4. One Friday in April: A Story of Suicide and Survival by Donald Antrim
(W. W. Norton)

6 Rave • 3 Positive
Read an interview with Donald Antrim here

“… [an[ engrossing, necessary book … this is not an empirical study. Rather, it is intimate testimony from someone who has lived through an illness long shrouded in silence, shame and sin. Antrim speaks with the moral authority of the survivor … Antrim’s inventive, circular prose style reflects his sense of warped time: Hours bend, fragment, compress, extend. The narrative catapults forward, then backward—a kind of chronological whiplash that dislocates us in time and place … Just when we start to put the pieces of Antrim’s life together, he wrenches us away from the relief of comprehension. The medium is the message: Suicide, as Antrim understands it, is a continuum of emotional pain … One hopes this brief, courageous book will bring us closer to the ‘paradigm shift’ Antrim seeks—a reckoning that could bring about better funding for mental health research, more affordable psychiatric beds and less societal stigma.”

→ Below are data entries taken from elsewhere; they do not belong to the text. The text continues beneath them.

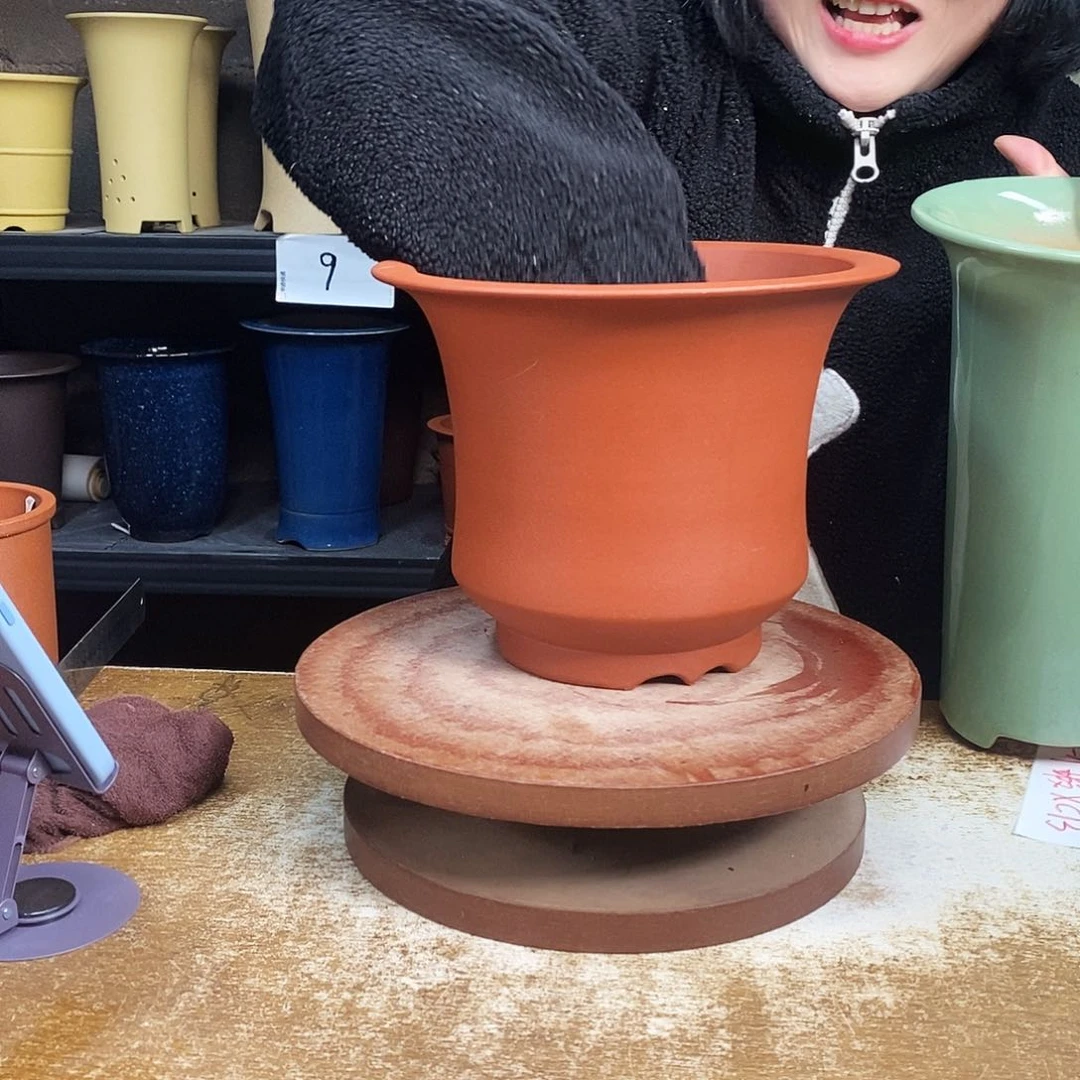 紫砂一**牙紫砂花盆一只CX46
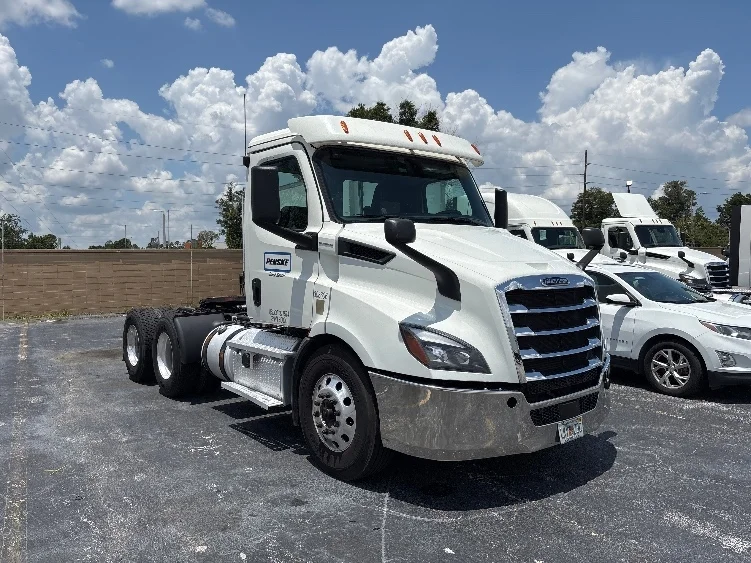2020 Freightliner Cascadia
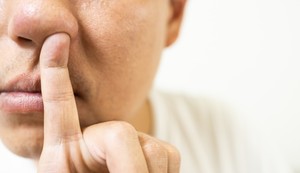 Čačkanje nosa može da izazove krvarenje i prehladu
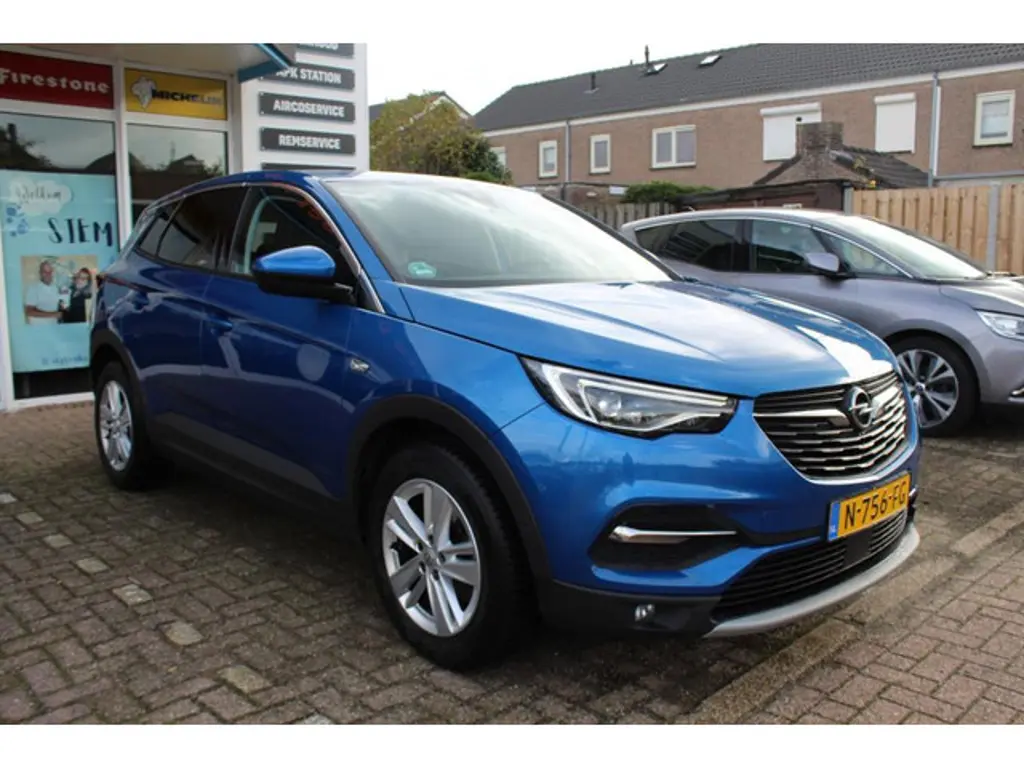 Opel Grandland X 2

–Heather Clark (The New York Times)

Unprotected: A Memoir_Billy Porter

5. Unprotected: A Memoir by Billy Porter
(Abrams Press)

4 Rave • 2 Positive

“… stirring … Through his experience as a gay Black man, repeatedly subjected to unspeakable pain, Porter delivers a searing indictment of how America treats race, sexuality and anyone outside the norm. Clear and piercing, his justified indignation is as defined as his singular singing voice and flashy fashion … With raw vulnerability, Porter opens up on how the effects of childhood abuse long prevented him from loving Black men romantically … Porter’s recollections are vivid and his prose playful, packed with amusing colloquialisms and no shortage of sass … Even if Porter’s sharpest barbs seem saved for the church and the GOP, he doesn’t hold back when confronting Broadway’s and Hollywood’s systemic shortcomings … Porter is also refreshingly candid on the allure of fame and industry accolades … Whether he’s reliving triumphs or trauma, Porter bears his soul—just as he did all those years ago on that high school stage, bloodied and bruised. When faced with such honest audacity, one can only applaud.”